# Schneider PC TS Super-Angulon 50mm f/2.8 - Anyone use one?



## Jim Saunders (Nov 9, 2014)

Hi, I have a job for a lens like this but damned if I can find a review which gives any confidence; has anyone here tried one? Worst case I try it, don't like it and send it back but I'd appreciate any insight I can get.

Jim


----------



## Mt Spokane Photography (Nov 9, 2014)

It would be hard to go wrong with this one, the Canon 45mm TS is the weakest of their models. It also costs a lot less.

https://www.lensrentals.com/rent/canon/lenses/specialty/schneider-50mm-f2.8-super-angulon-for-canon


----------



## Jim Saunders (Nov 9, 2014)

Mt Spokane Photography said:


> It would be hard to go wrong with this one, the Canon 45mm TS is the weakest of their models. It also costs a lot less.
> 
> https://www.lensrentals.com/rent/canon/lenses/specialty/schneider-50mm-f2.8-super-angulon-for-canon



If I was in that part of the world I'd have that here and have a look; perhaps the local place could be sold on adding one to their inventory...

As for the 45 I agree; if Canon had a 50 or TS to match their recent offering in other lengths it'd be a no-brainer.

Jim


----------



## Mt Spokane Photography (Nov 9, 2014)

Jim Saunders said:


> Mt Spokane Photography said:
> 
> 
> > It would be hard to go wrong with this one, the Canon 45mm TS is the weakest of their models. It also costs a lot less.
> ...


 
Maybe a business opportunity  There are some who purchase a lens and work out a deal with a local lens rental place to rent it out when its not being used. They do get battered up (Breakage is covered by the renter), and that's hard for some, including me, to be willing to put up with for a lens like this one.


----------



## eml58 (Nov 9, 2014)

Have look at this Jim, it's not highly flattering of the 50, but worth looking at just the same.
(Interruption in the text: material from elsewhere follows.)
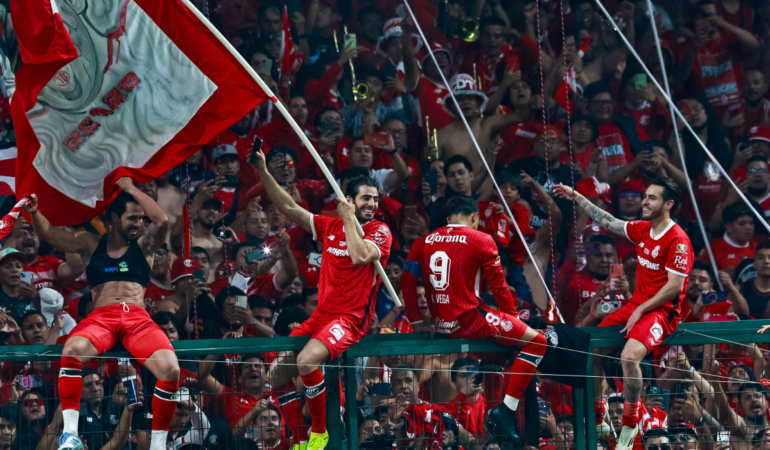 Los ex de las Chivas se coronaron con Toluca. FOTOS: LUIS GARDUÑO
I've been on the fence with this one for quite a while, I have both the Canon 17 & 24 series II Tilt Shift Lenses and rate them highly, the Scheinder isn't something I've tried, hopefully Canon produce the series II 50 & 90 sooner rather then later.
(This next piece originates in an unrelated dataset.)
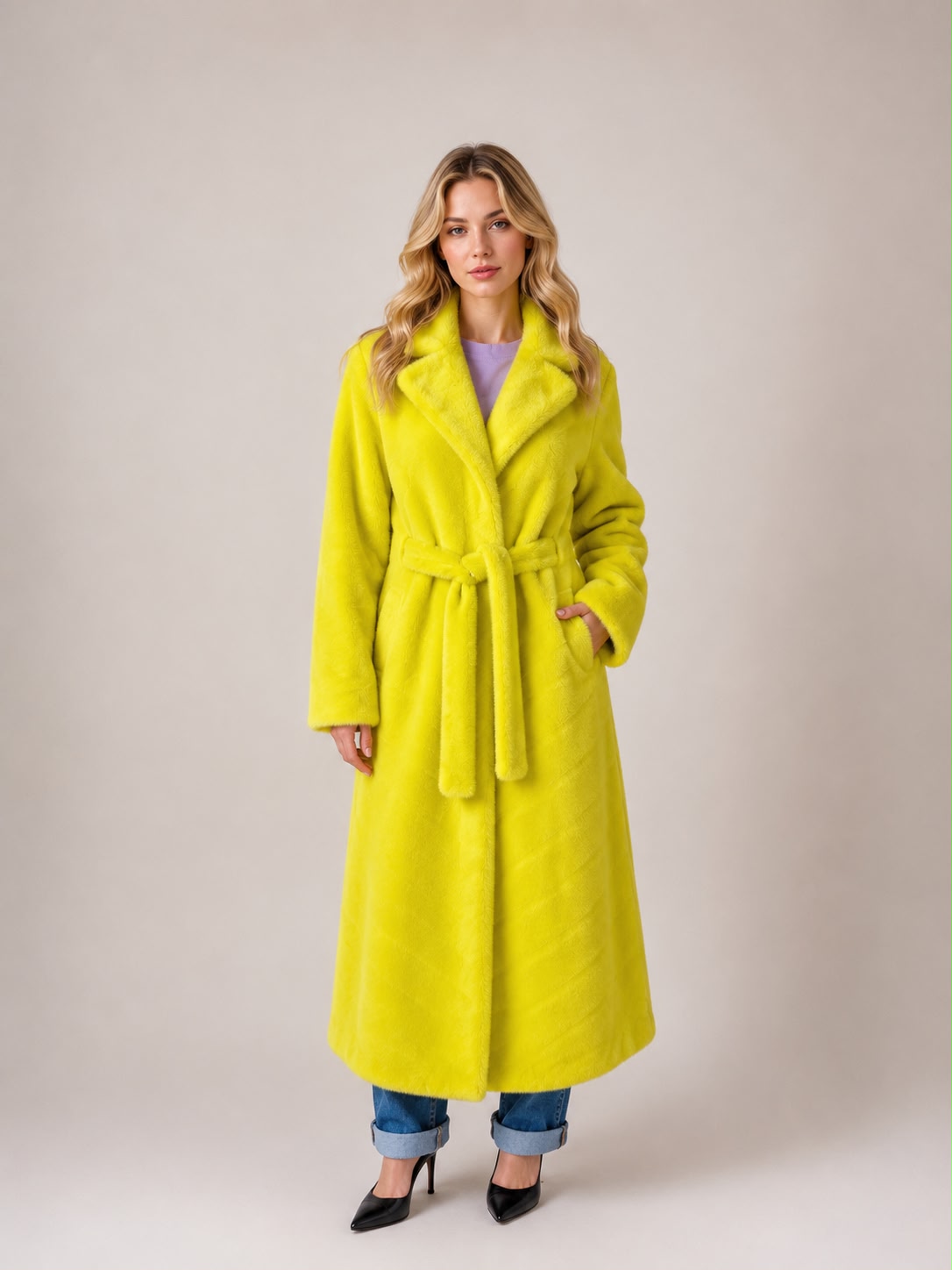 FUR COAT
http://blog.mingthein.com/2014/03/18/review-schneider-pc-ts-50-90/


----------



## Mt Spokane Photography (Nov 9, 2014)

eml58 said:


> Have look at this Jim, it's not highly flattering of the 50, but worth looking at just the same.
> 
> I've been on the fence with this one for quite a while, I have both the Canon 17 & 24 series II Tilt Shift Lenses and rate them highly, the Scheinder isn't something I've tried, hopefully Canon produce the series II 50 & 90 sooner rather then later.
> 
> http://blog.mingthein.com/2014/03/18/review-schneider-pc-ts-50-90/


 
That definitely does not sound good, considering the price. Apparently diglloyd also panned it, but I can't read the review without buying a membership.


----------



## Jim Saunders (Nov 9, 2014)

I appreciate the links, between those and the one glowing review on B&H you can see why I'm curious about anyone's actual experience with it. Maybe I'll send Roger an e-mail, he has one there.

Jim


----------



## Mt Spokane Photography (Nov 9, 2014)

Jim Saunders said:


> I appreciate the links, between those and the one glowing review on B&H you can see why I'm curious about anyone's actual experience with it. Maybe I'll send Roger an e-mail, he has one there.
> 
> Jim


 
I wonder if he has tested and used it. He is good at reviewing the build and quality, but he does not always get to run extensive tests on every lens. I'd be interested in his results.

Reviews on B&H are usually less reliable merely because I do not know the knowledge level or ability of the tester. It might look very good to that person, while a experienced tester will pickup on the weaknesses.


----------